The village of Dedham is considered one of the most desirable in South-East England. A four bedroom home with garden sells for £750,000 ($1.2m). It lies in the heart of Dedham Vale, an area designated as being of Outstanding Natural Beauty, and immortalised in paintings by John Constable RA, one of Britain’s best known artists.
When Asa and Gwen Pryke ran a successful business from home there, they were accepted as outstanding members of the local community. But since their business closed due to the financial crash they have become outcasts.
The couple were forced to sell up after their bank refused them a loan to finance a large order, so they decided to move themselves and their school-age children into a trio of caravans in a field owned by Gwen’s family. Part of the reason for the high property values in the area is the wealth of local schools with first rate academic records.
Neither their neighbours nor the local council were the least bit interested in their plight, and they were quickly told to move on as if they were squatters or travellers instead of locals who were down on their luck.
“We have attempted to deal with our own problems without recourse to the tax-payer,” said Asa in an interview with this web site. “We are a hard working, normal and loving family.
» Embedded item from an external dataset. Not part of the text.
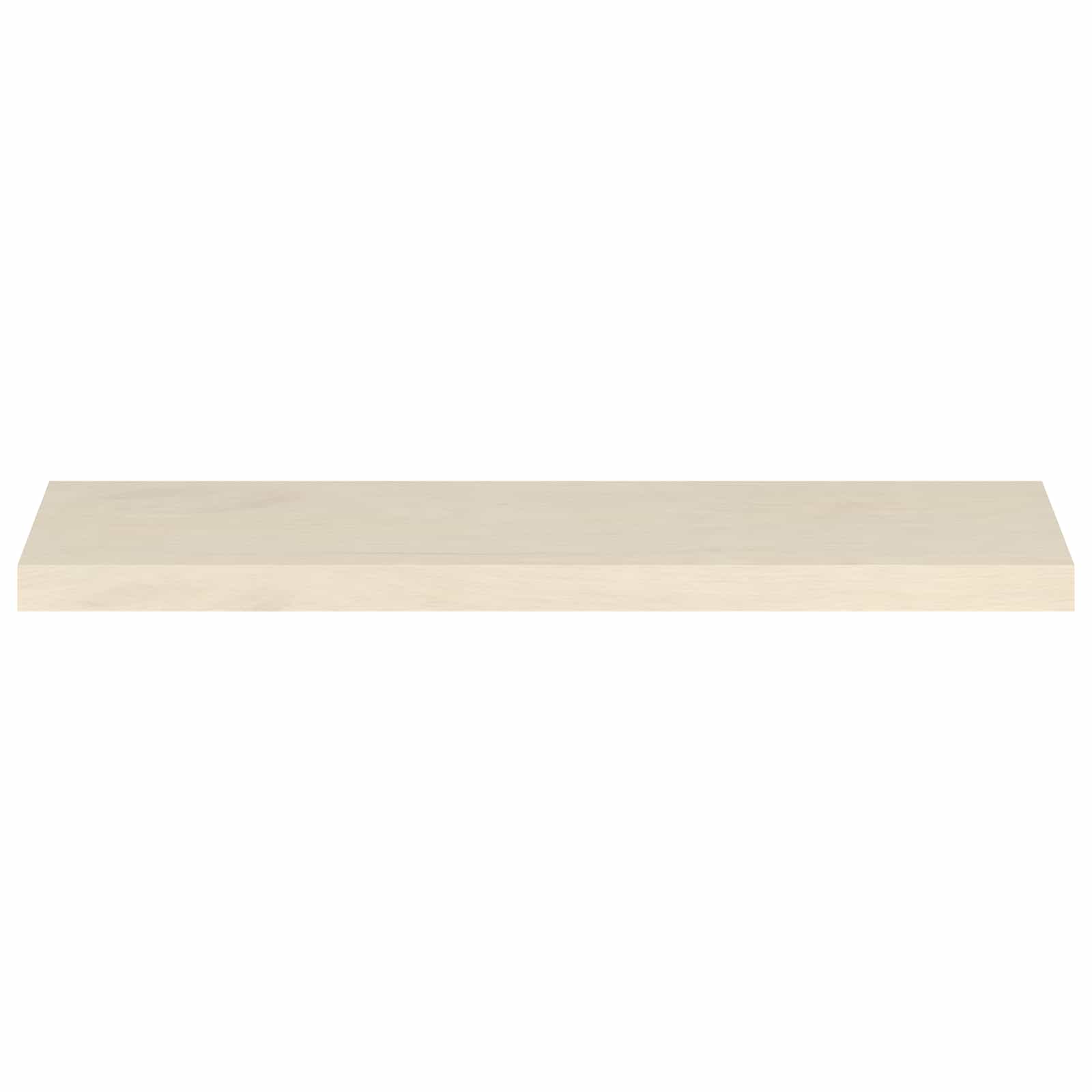 Gradini per Scale 8 pz 100 x 30 x 2 cm Bianco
Despite the fact that we have few material possessions we have been exceptionally happy and our children have done well educationally. We feel we are better and stronger people for our experiences, some of which have been very harsh. We now face more challenges in the near future.
The family are a few days away from homelessness, and their entire income is now less than when they first applied for legal aid — approximately £1500.00 per month. Ironically Gwen’s family used to live in that same field – four generations ago.
In Court the Council claimed that they could rent a three bedroom house in the area for £450.00 per month. This was accepted by the Judge who said that this being the case they should be in rental as they could afford this. “In fact you can only rent a single room in Colchester for this money (£105.00 per week)” said Pryke, “and the Court was completely misinformed and out of touch to accept this.
“One can only speculate that the Barrister’s journey from his chambers to his favourite lunching spot and judging from his appearance he has a long one every day, does not take him past the numerous estate agents in Colchester. Either that or he deliberately misinformed the Court.”